Royal Commission

News, analysis and insight into the Royal Commission into Misconduct in the Banking, Superannuation and Financial Services Industry

Two regulators are enough – perhaps more than enough

It is tempting to join the media pile-on about the Australian Prudential Regulation Authority’s apparent lack of action on underperforming superannuation funds, but in terms of true legal powers, the regulator appears to have more bark than bite.

This point will probably loom large in the Royal Commission into Misconduct in the Banking, Superannuation and Financial Services Industry’s fifth round of hearings.

This latest round began yesterday and will put the focus on superannuation for a fortnight.

We know APRA and the Australian Securities and Investments Commission will be called to give evidence, but as of last night, we were still in the foothills, with National Australia Bank/MLC’s Paul Carter sweating under the hot lights on the matter of how grandfathered commission streams made it less tempting for advisers to move clients to products that might better meet their needs.

Shades of Round Two.

The Australian dialled up the heat on Saturday under the heading “super fund laggards ignore calls to merge,” to be backed up yesterday, in headline terms at least, by The Australian Financial Review’s back page, headed: “APRA must explain its inaction”.

Productivity Commission super inquiry chair Karen Chester concluded in the PC’s recent widely praised report that 1 in 4 pooled super funds (both retail and industry) underperform persistently. It’s also a widespread belief that APRA has failed to pull the underperformers into line; for instance, by leaving them to shrink slowly rather than forcing them to merge.

She noted that APRA and ASIC needed “to become member champions but instead focused too much on funds”.

APRA apparently put together a list of 28 underperforming funds in 2017 and after APRA approached those funds to do something about the problem, just two-thirds of them obliged.

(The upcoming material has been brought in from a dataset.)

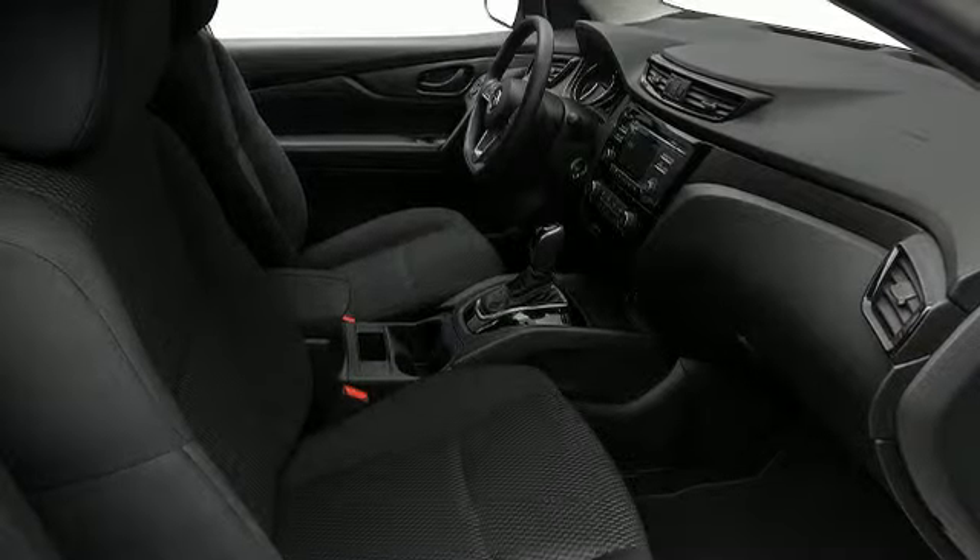Audio features include a CD player with MP3 capability and four well-positioned speakers. Brake assist technology provides extra pressure when applying the brakes.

What seems to rankle, to the extent that someone appears to be running around with matches and paper planning a bonfire under APRA’s chair, is that no action appears to have been taken against the backsliders.

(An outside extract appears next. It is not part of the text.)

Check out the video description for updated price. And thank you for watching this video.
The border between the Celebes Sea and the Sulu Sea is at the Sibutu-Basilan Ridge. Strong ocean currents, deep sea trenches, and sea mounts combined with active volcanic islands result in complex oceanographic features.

To the cynics, this all smacks of what was described at the HIH Royal Commission back in 2002 as “the London Tea and Biscuits Approach” to prudential regulation.

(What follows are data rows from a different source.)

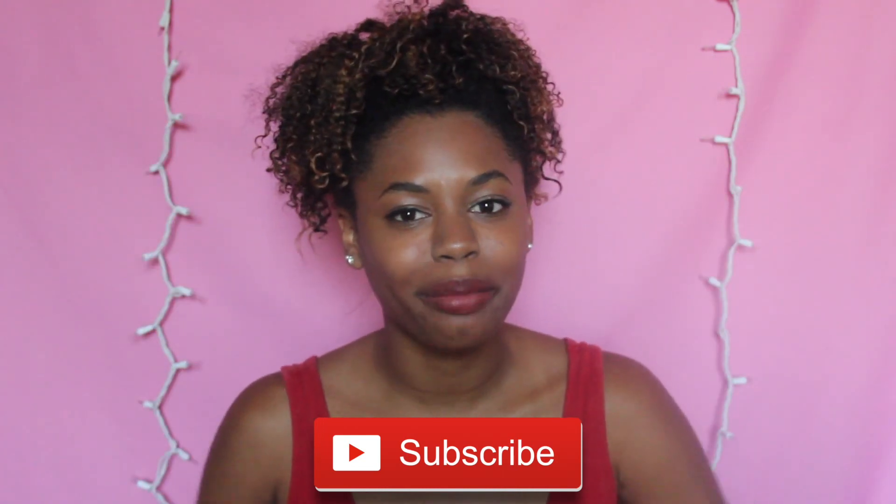Hey there, I'm Whitney and welcome to my channel. Before we get started, please subscribe to my channel below by clicking the subscribe button.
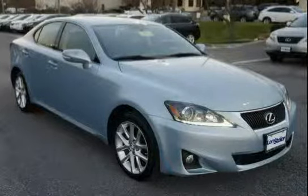The low mileage of 11,111 miles makes this IS 250 an easy choice for you.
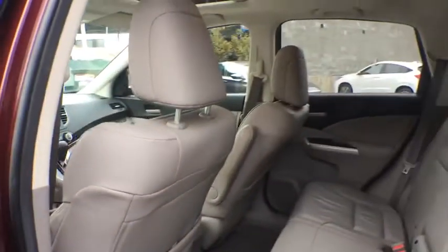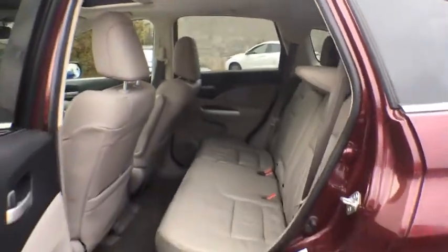A vehicle like this doesn't come along every day. Come in and get it before someone else does.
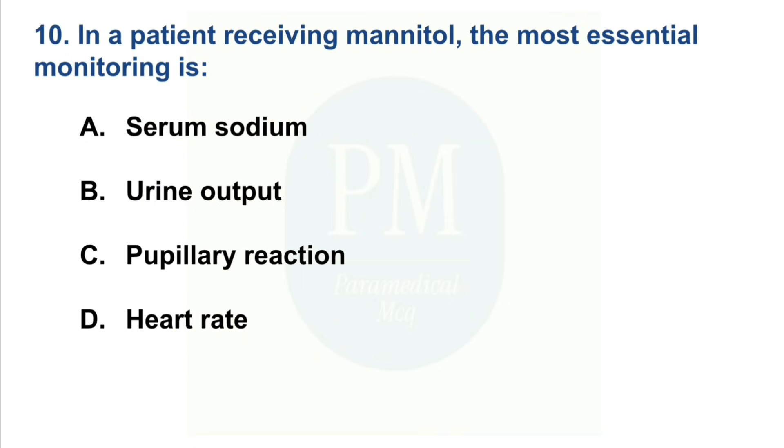In a patient receiving mannitol, the most essential monitoring is: Option A: Serum sodium. Option B: Urine output. Option C: Pupillary reaction. Option D: Heart rate. The correct option is Option B — Urine output.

But let’s stand back a bit from all this. What’s APRA’s role in pooled superannuation? Number one is to stop super funds from going under, which isn’t hard given the guaranteed flow of money.

Number two appears to be supervision of superannuation trustees.

In both of cases, APRA has done all right,; the only exception so far being the Trio Capital scandal, in which a Hong Kong-based crook was able to divert $180 million of super funds from an Albury-based business, never to be seen again. Trio collapsed in 2009.

The problem we have here is that supervising the returns provided by super funds is a bit less of a clear-cut business than with other types of prudential activity. What’s a fair rate of annual return? What sort of member fees are fair?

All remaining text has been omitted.